GOAL OF THE EXERCISE: All that is wanted is the exact lines from the first line of the data below through the line with "Fields of Paradise Aluminium artwork", both ends included, with pictures omitted.

(Scraped caption text data)

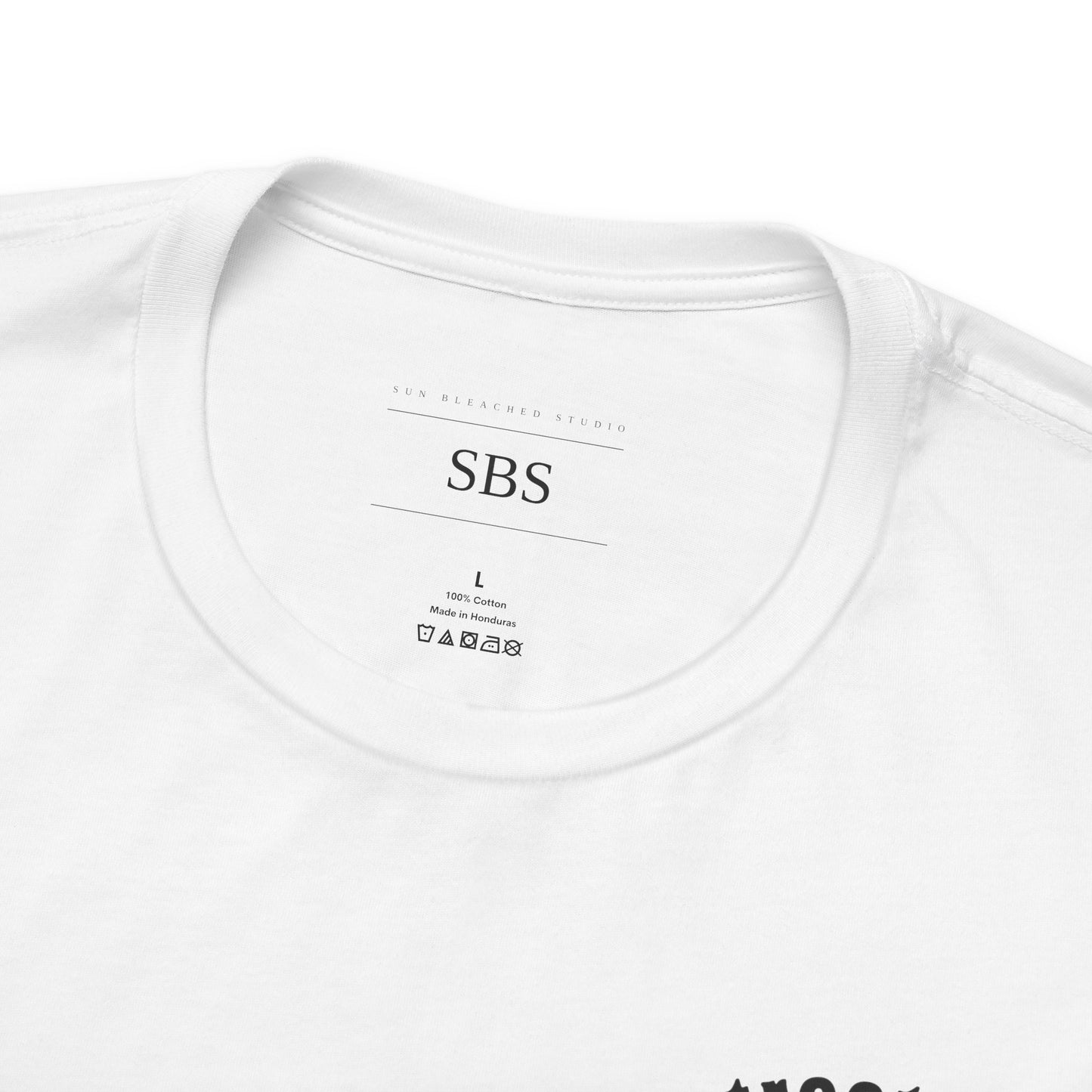 Main Street for Life| Disneyland Inspired Tshirt | Vacation T shirt| Custom Shirt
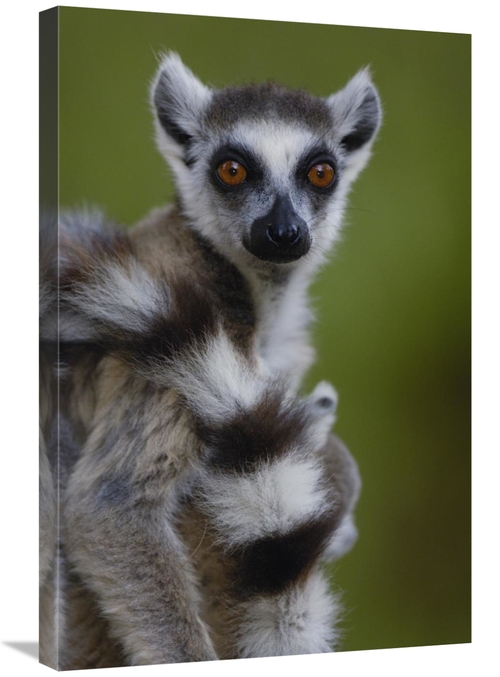 Global Gallery GCS-453237-2030-142 20 x 30 in. Ring-Tailed Lemur Portr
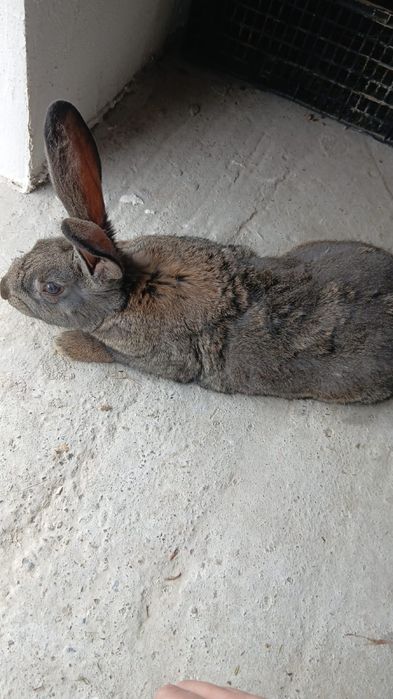 Vand iepuri  belgieni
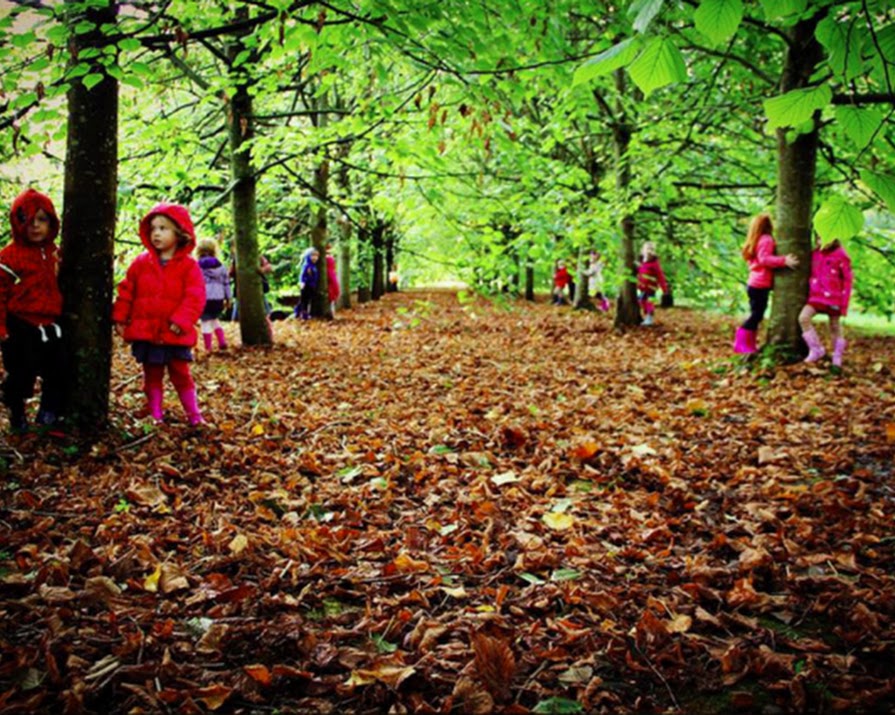 Logs, leaves and life-skills: Why forest schools are on the rise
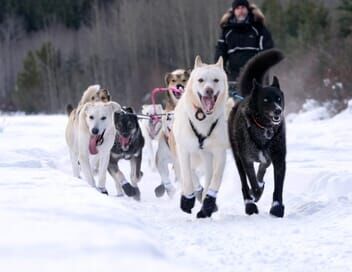 Musher, l'appel de l'Alaska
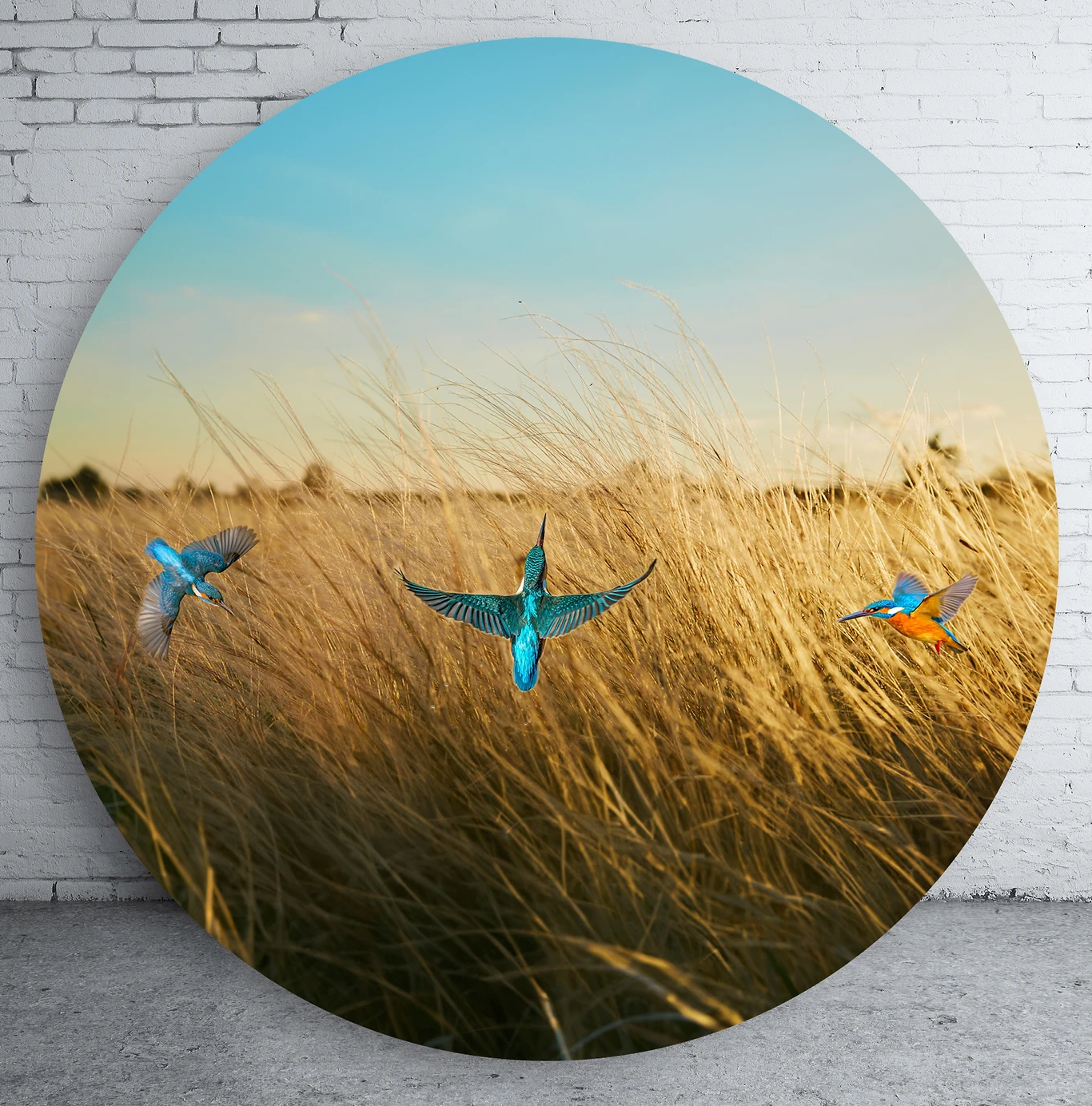 Fields of Paradise Aluminium artwork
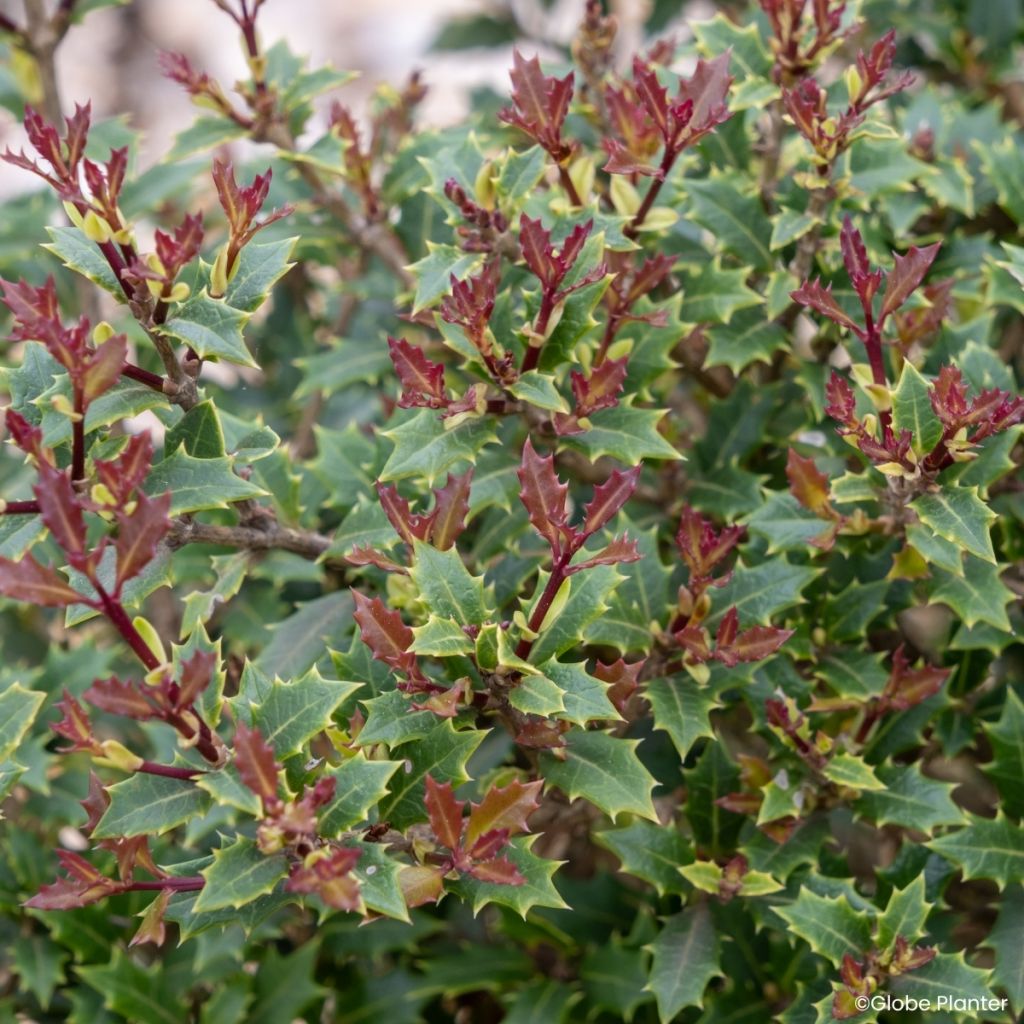 Osmanthus heterophyllus Perfume Party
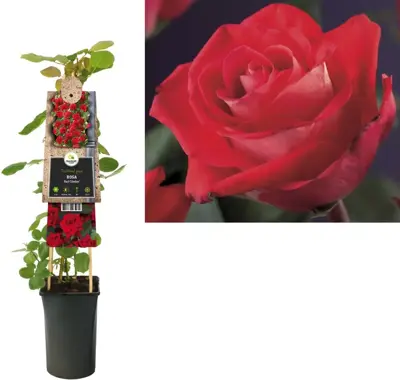 Rosa 'Red Climber' (Klimroos) klimplant - afbeelding 2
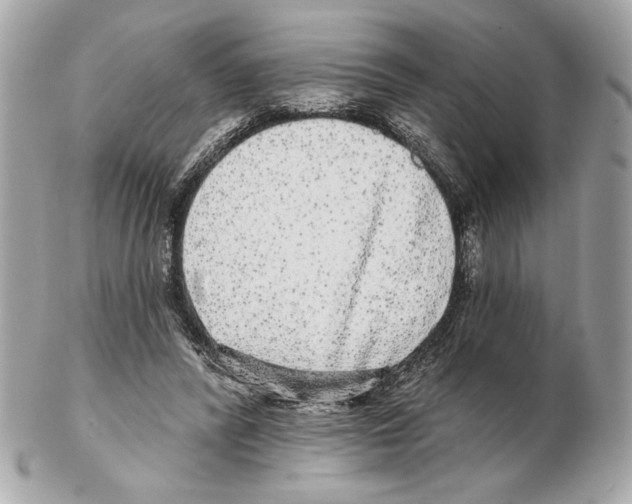 X0000102400400200808291450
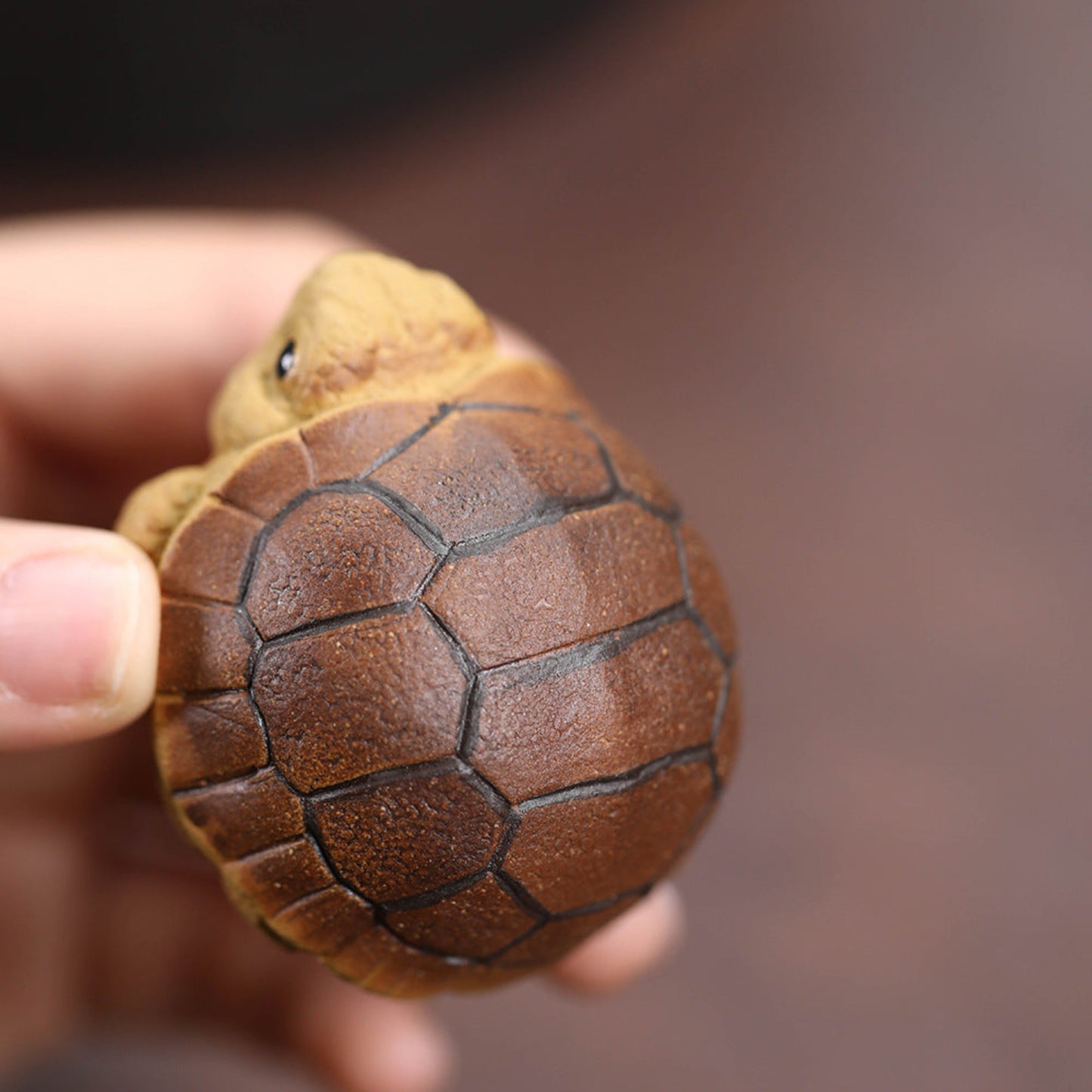 close-up on tortoise tea pet shell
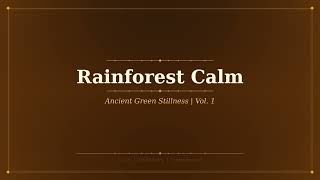 Rainforest Calm – Tropical Nature Music for Relaxation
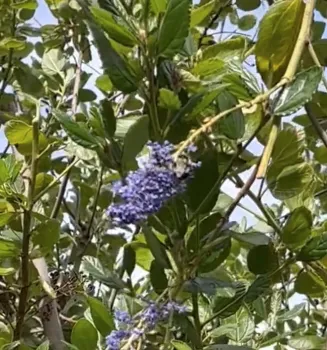This is a screen shot of the video of a black-tailed bumble bee, Bombus melanopygus, that Ria de Grassi spotted in her Davis yard. (Photo by Kathy Keatley Garvey)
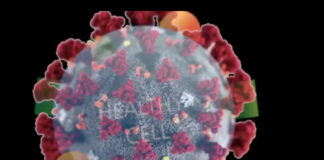 COV-19 IMMUNITY IN 19 MINUTES – Spacebusters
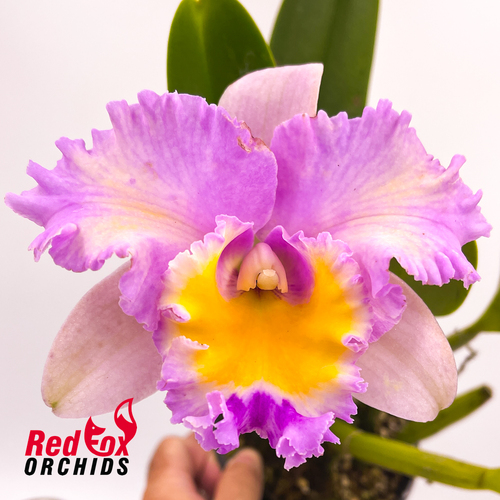 Brassolaeliocattleya Glenlee Delight X Lc. Tsutung Beauty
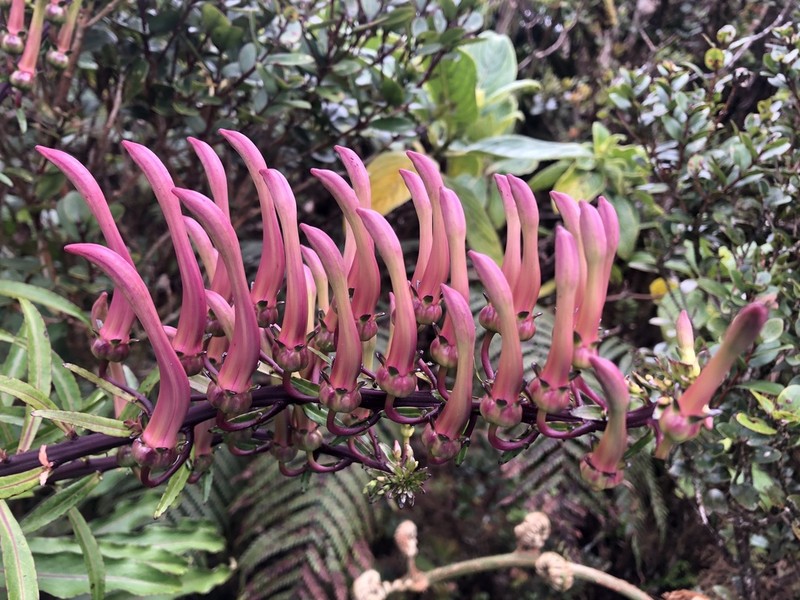 Wai'Anae Mountains False Lobelia photo 2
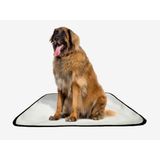 Tapete Pet Reutilizável Educador Dog Oferta 7un G1 100x120cm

REPLY TO THE EXERCISE:
 Main Street for Life| Disneyland Inspired Tshirt | Vacation T shirt| Custom Shirt
 Global Gallery GCS-453237-2030-142 20 x 30 in. Ring-Tailed Lemur Portr
 Vand iepuri  belgieni
 Logs, leaves and life-skills: Why forest schools are on the rise
 Musher, l'appel de l'Alaska
 Fields of Paradise Aluminium artwork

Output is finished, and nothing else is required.